I am thinking about this lately as I get ready to change banks. The bank I’ve been with for twenty years changed from a credit union to a bank, and now it has been sold to a bigger bank not based in Florida. The only results I have seen are friends lose jobs, hidden fees popping up for the first time, a clunky bill pay system, and a few local shareholders that profited. In my work, I assist young adults who are, in many cases, just experiencing the meaning of financial literacy. Most of them have had no adult to guide their purchasing power. The whole concept of having a savings or planning for the future, even having a bank account, doesn’t exist. One young man I work with bought a car at an interest rate that would make you scream. He has so far been able to make the payments and keep it insured, but the private business world failed him. His youth and lack of knowledge were taken advantage of.

The United States is unique among advanced countries for the level at which it will allow young Americans to go into debt. Two of five students are at risk of college loan default. ATM’s crowd universities for the convenience of the student, and the fees it creates. The cost of college and tech programs have risen while the number of good paying jobs have dropped. Some of my interns end up in the emergency room from lack of health insurance, and several have not seen a dentist for years.

The quickest way to assess the health of our culture is to review how profit is made. Is there an acceptable rate? Does it matter how it is made? There is a buyer beware aspect to our economy right now. We have come to expect that people will be taken advantage of, that items we buy will break or not last beyond the warranty, and that cheaper and faster always makes sense. We’ve accepted that the highest per capita of lawyers in an advanced country is the norm and the way to fix anything is to sue. Almost every community, regardless of the presence of good paying jobs, have payday loan businesses.

It is hard to avoid the conclusion that usury is alive and well in the United States, with no qualms about putting our next generation of Americans into individual debt. While we spend like Monopoly to fuel never-ending war and a too big to fail economy, we have every intention of passing that debt onto young Americans as well. We may be safe against foreign threats at home, but the real enemy is more likely an erosion of the common good inside America. One cannot expect moral behavior while we engage in purposeful impoverishment. The business world has a responsibility to treat staff and customers in an ethical manner. Basic fairness can’t just depend upon laws to be passed, or their would be no reason to go church. We can do better.

Daniel Parker is an author, educator, and public servant. He may be reached at

7 Responses to "Parker’s Perspective: When Making a Profit Has Gone Too Far"

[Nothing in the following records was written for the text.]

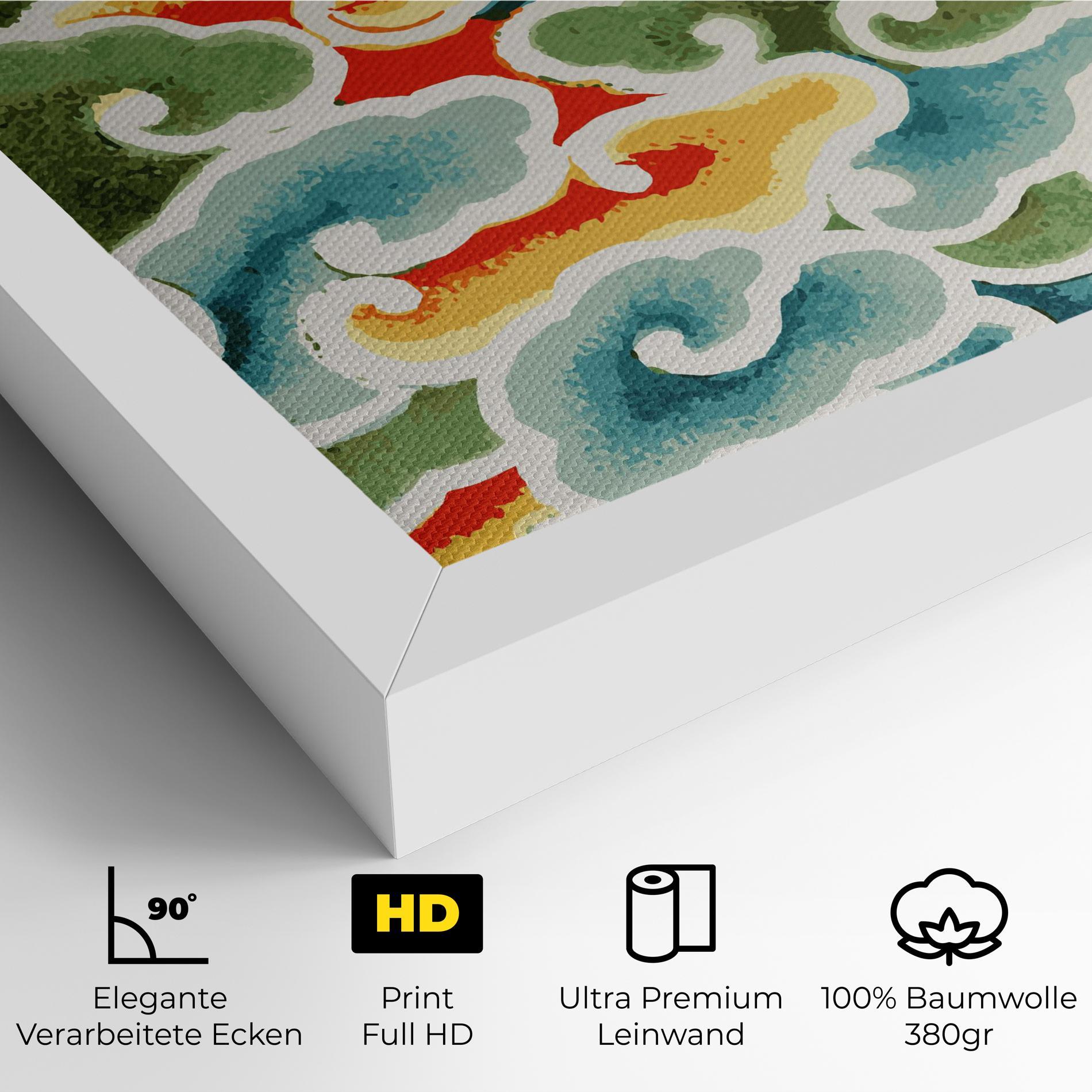 Leinwandbild Green Blue Clouds mockup 4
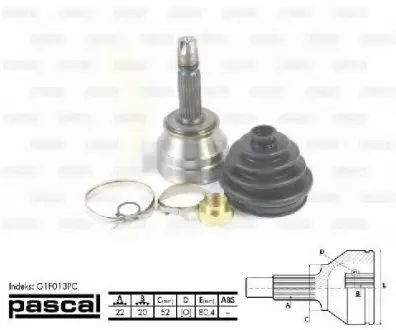 Шарнирный комплект, приводной вал PASCAL G1F013PC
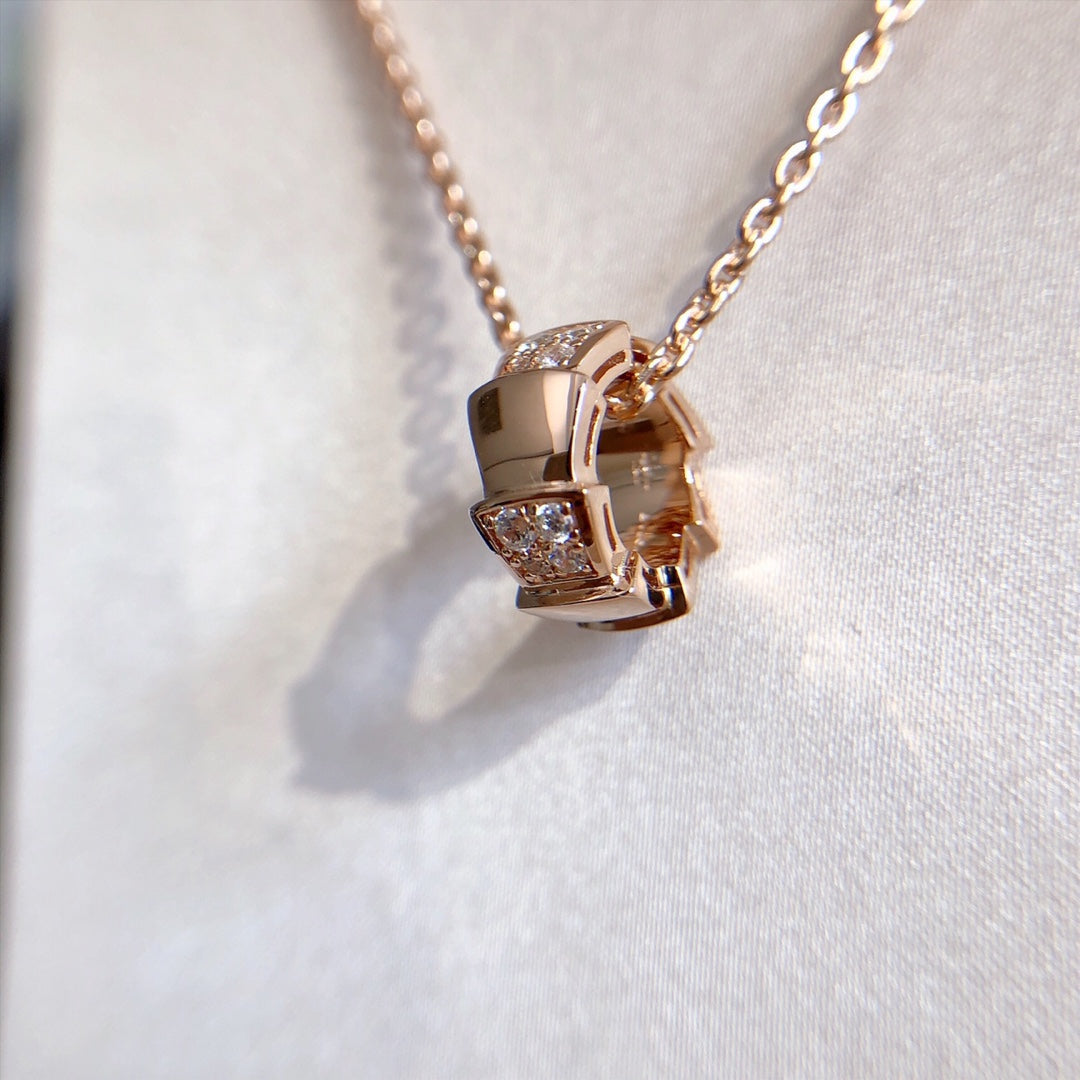 [Love Lucky] SERPENTI ANHÄNGER DIAMANT ROSGOLD HALSKETTE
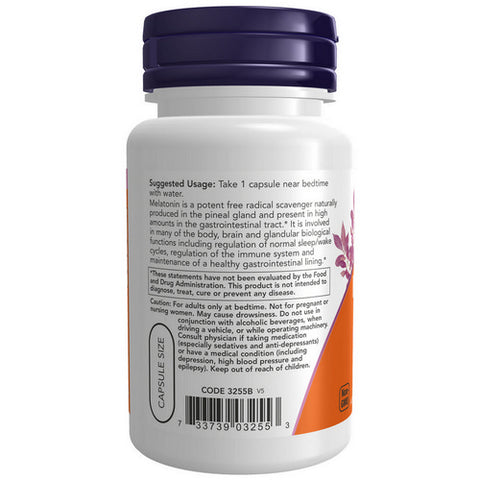 Now Foods, Melatonin, 3 mg, 60 Caps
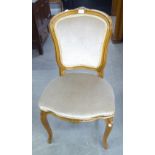 A SINGLE FRENCH STYLE WALNUTWOOD FRAMED CHAIR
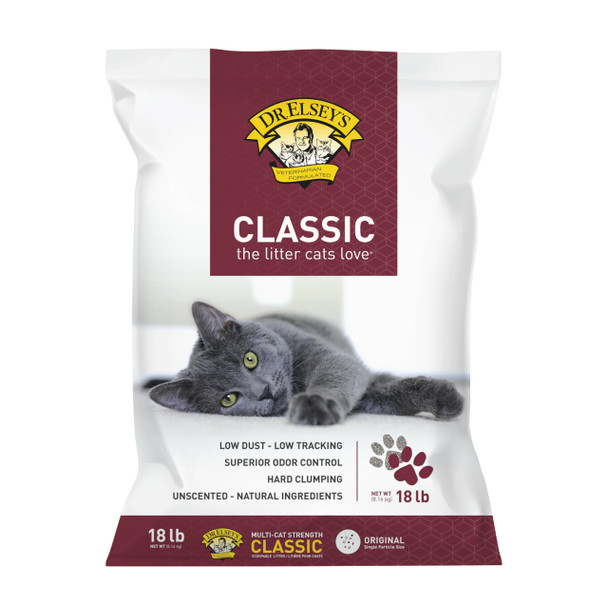 Dr. Elsey'S Classic Unscented Clumping Clay Cat Litter 18 Lb. Bag
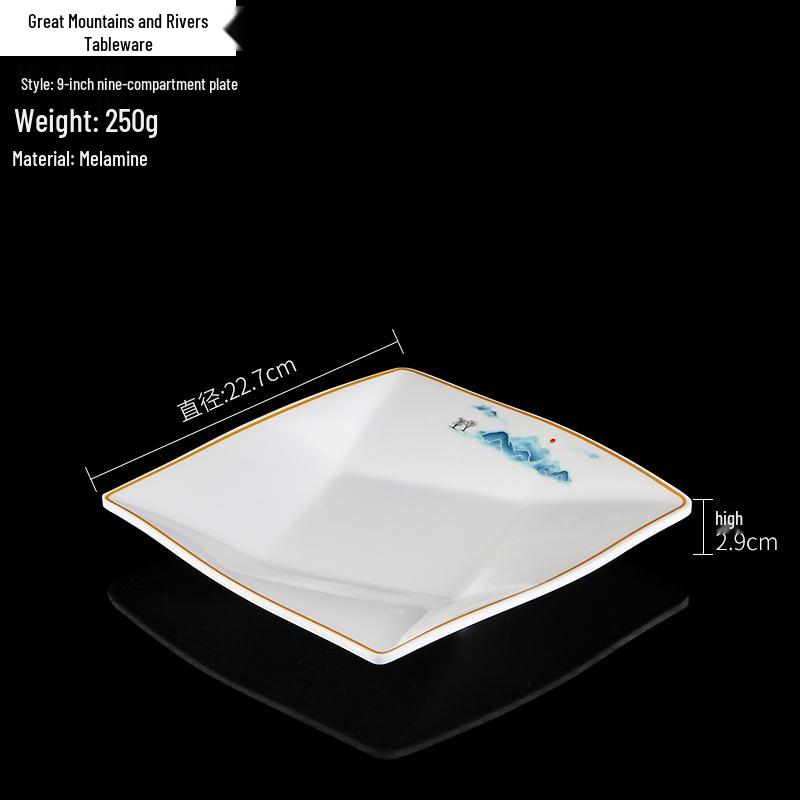 Melamine Square Imitation Porcelain Plate for Hot Pot & Cold Dishes - Commercial Fast Food & Restaurant Tableware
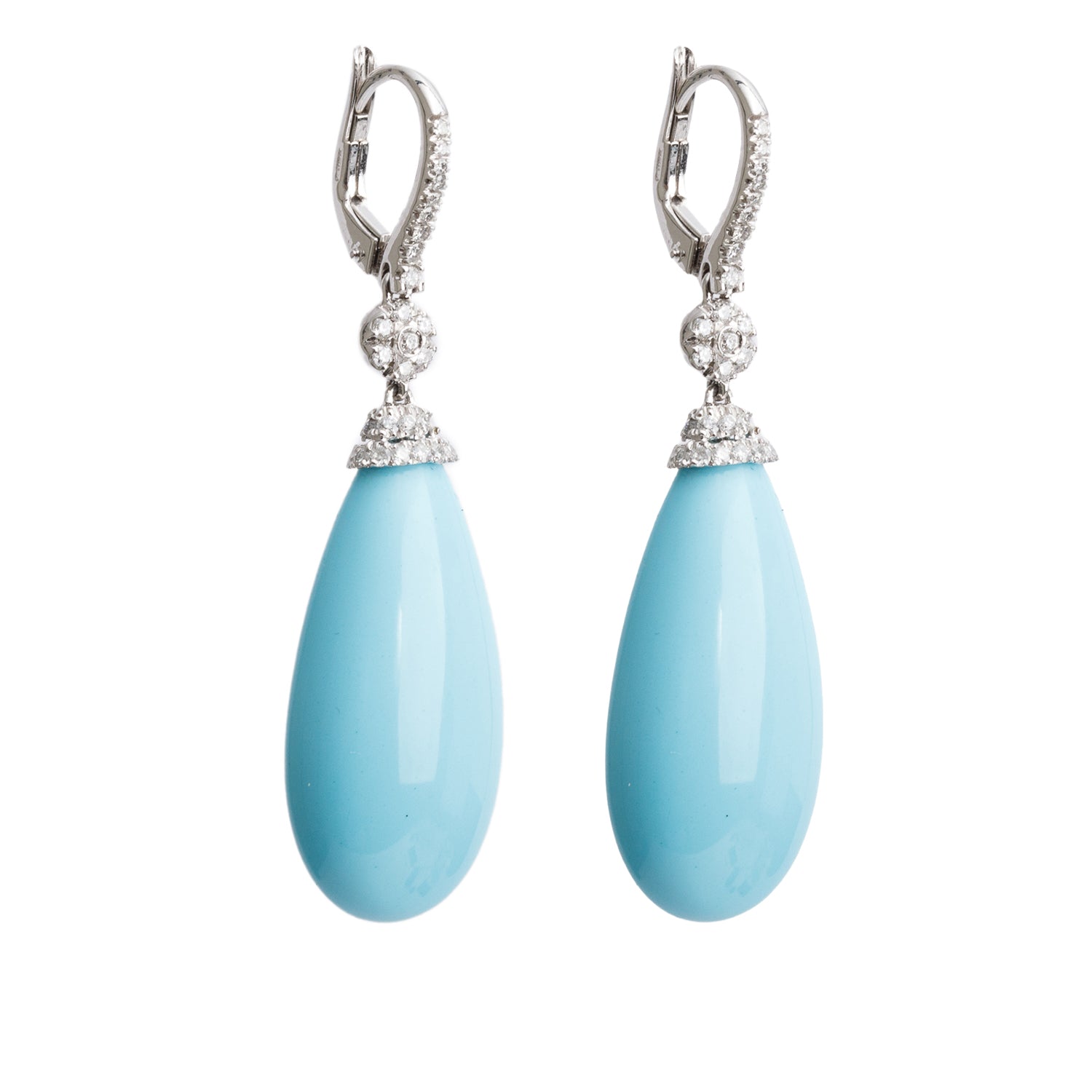 18k White Gold Turquoise & Diamond Drop Earrings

  1. Most of what you say has a direct link to the failure of the educational system. Education today is to focused on social aspects and not on education.

    1. Excellent point, James.
      There is ZERO correlation between the amout of money a state spends per student on education and the knowledge a student learns.
      I would add that Mr. Parker would benefit from getting his blogpost proofread before hitting the publish button.

    1. TR is looking to grow our coverage of local issues in 2019. Part of this growth includes moving to a weekly newspaper and increasing our engagement with more members of our community. Part of this engagement includes understanding the different views in our community. Mr. Parker is a progressive who articulates his position very well. I hope TR readers will respectively respond with there own views and challenge positions in a way that will advance a constructive dialogue.